**DIRECTIONS FOR THIS TASK**
Set down the data below in full and exactly, minus the pictures.

═══ DATASET EXCERPT ═══

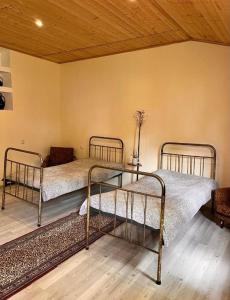 Letto o letti in una camera di Cozy Qorte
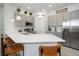 Well-lit kitchen with stainless steel appliances, grey cabinetry, and a spacious quartz countertop at 10251 Ebb Tide Ln, Orlando, FL 32821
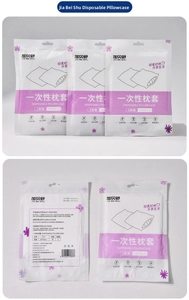 Close-up of two-pack disposable white non-woven pillowcases sized 50x80cm for travel
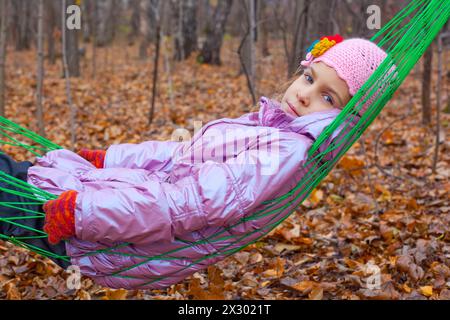 Thoughtful girl swinging in a hammock in the autumn forest Stock Photo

═══

**SOLUTION FOR THIS EXERCISE**
 Letto o letti in una camera di Cozy Qorte
 Well-lit kitchen with stainless steel appliances, grey cabinetry, and a spacious quartz countertop at 10251 Ebb Tide Ln, Orlando, FL 32821
 Close-up of two-pack disposable white non-woven pillowcases sized 50x80cm for travel
 Thoughtful girl swinging in a hammock in the autumn forest Stock Photo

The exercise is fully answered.